I’d be tempted to write off these faults as unique to me if I hadn’t seen them exhibited by other tech workers. Once I attended a retirement lunch with two of my former supervisors and watched them mentally solving the audio problems plaguing the mic setup when they should have been enjoying a delicious meal and celebrating a colleague. I don’t know how pastors and worship coordinators do what they do every week without it losing the luster.
When my church did move to livestream, they asked me to join the team. Everyone else working toward it was burned out by that point, and again, I didn’t feel like I could say no. Every week I built a cue sheet detailing exactly how everything would flow from the camera angles to the archived recordings of congregational singing (because we still couldn’t sing) to when the powerpoint would be shown. With each successive week the love for what I was doing lessened. The worship became work.
I don’t begrudge my church for this. Churches are built on the service of members, be they musicians, nursery attendants, coffee servers, or youth group leaders. I’d think everyone who participates week after week experiences the same feeling of loss, but I don’t see conversations about it. It feels like a taboo topic, particularly because it’s about things happening in the place of worship.

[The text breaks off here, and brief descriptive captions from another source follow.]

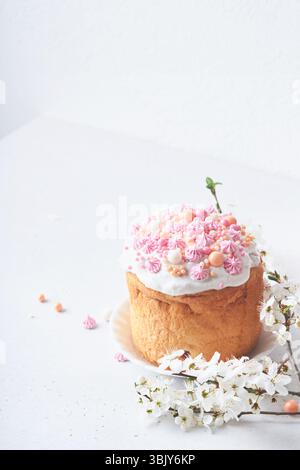 Pain ou gâteaux sucrés traditionnels de Pâques avec glaçage blanc et décor de sucre, œufs colorés et branche de cerisier en fleur sur blanc Banque D'Images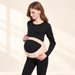 Beige prenatal support belt worn over black clothing against ivory background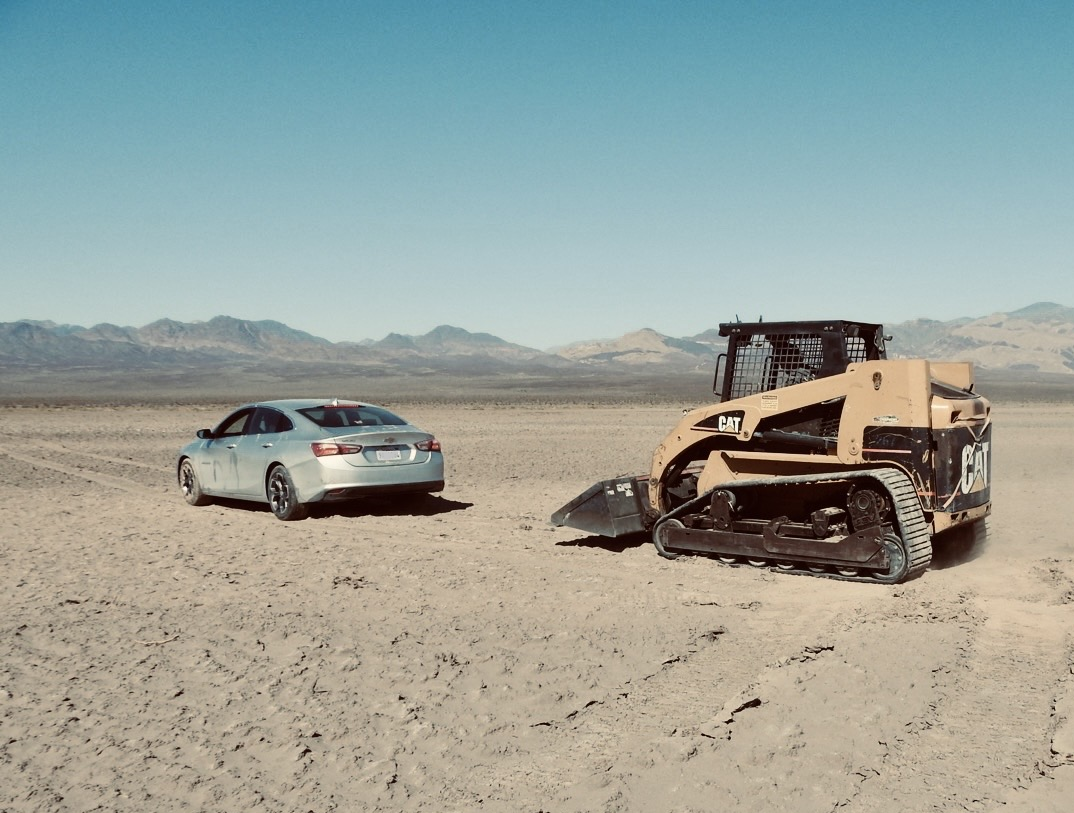 A yellow skid steer and a light gray car are on a flat dirt surface with vehicle tracks. Mountains are visible in the distance.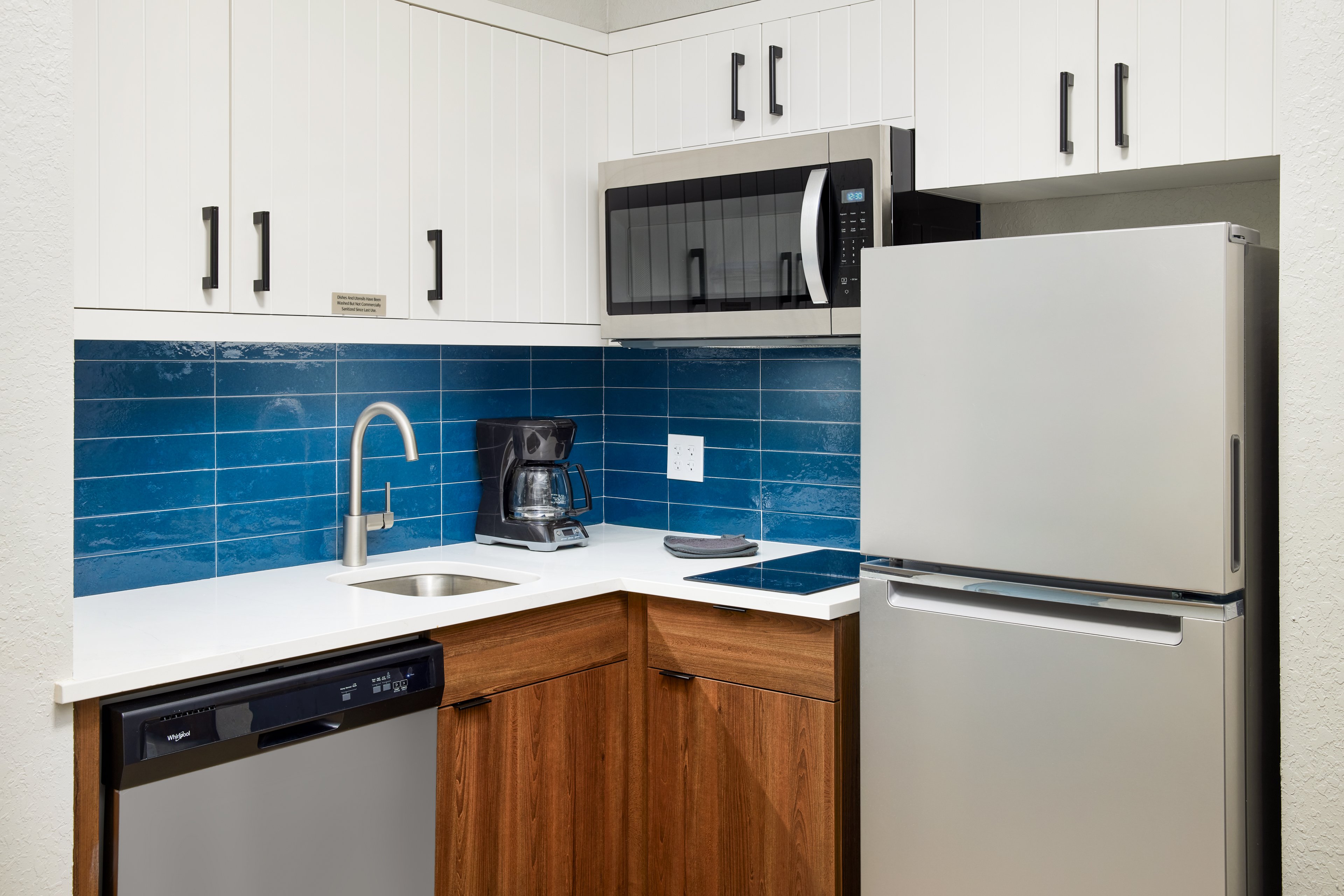 STAYBRIDGE STES AUBURN UNIV AREA BY-guestroom-Full kitchens in every guest suite.jpg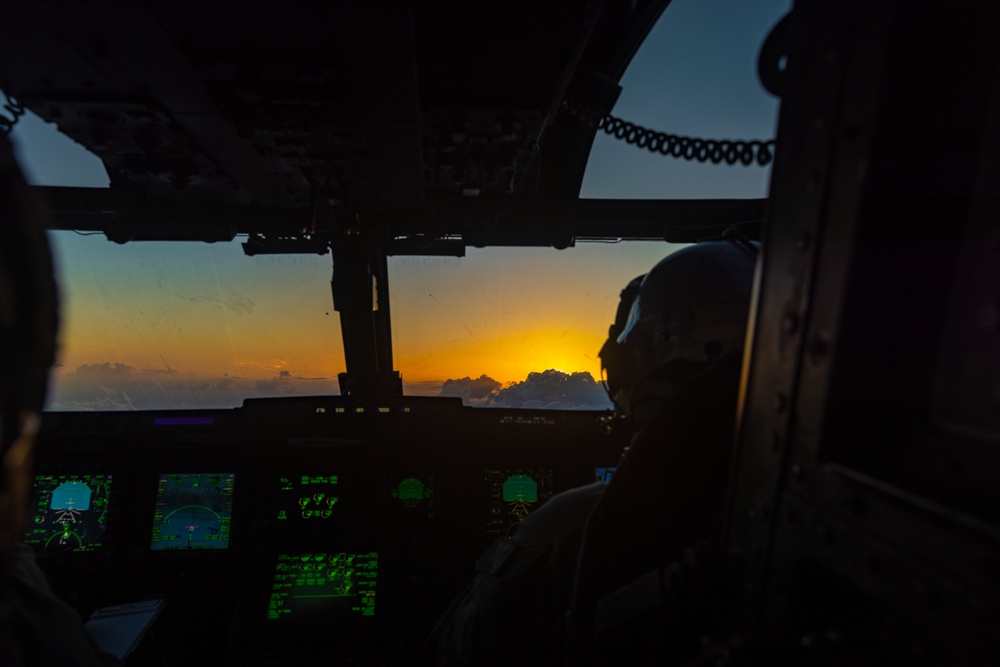 U.S. Marine MV-22B Ospreys refuel at night off the coast of Kagoshima, Japan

Amidst this loss, I’ve sought out other ways to worship, and I’ve found it most consistently on the edge of my comfort zone. When I started looking for new ways to worship, I went on a hike in the woods, and was able to connect with God through creation in a new way. The more I do that, the less it works. Maybe I know those particular woods too well. An unexpected activity I’ve found sacred is cooking. Preparing a meal helps me feel connected to creation, especially using fresh produce from the garden. This is particularly true if I’m trying a new recipe or preparing a meal for others.
I don’t know if I’ll be able to experience worship in a church again for a while. Attending a church where I don’t work has helped, but I feel the urge to ask about helping to run sound. If I don’t volunteer, I feel selfish or like I’m hoarding my gifts, but if the cost of helping others worship is my own ability to participate, is it worth it?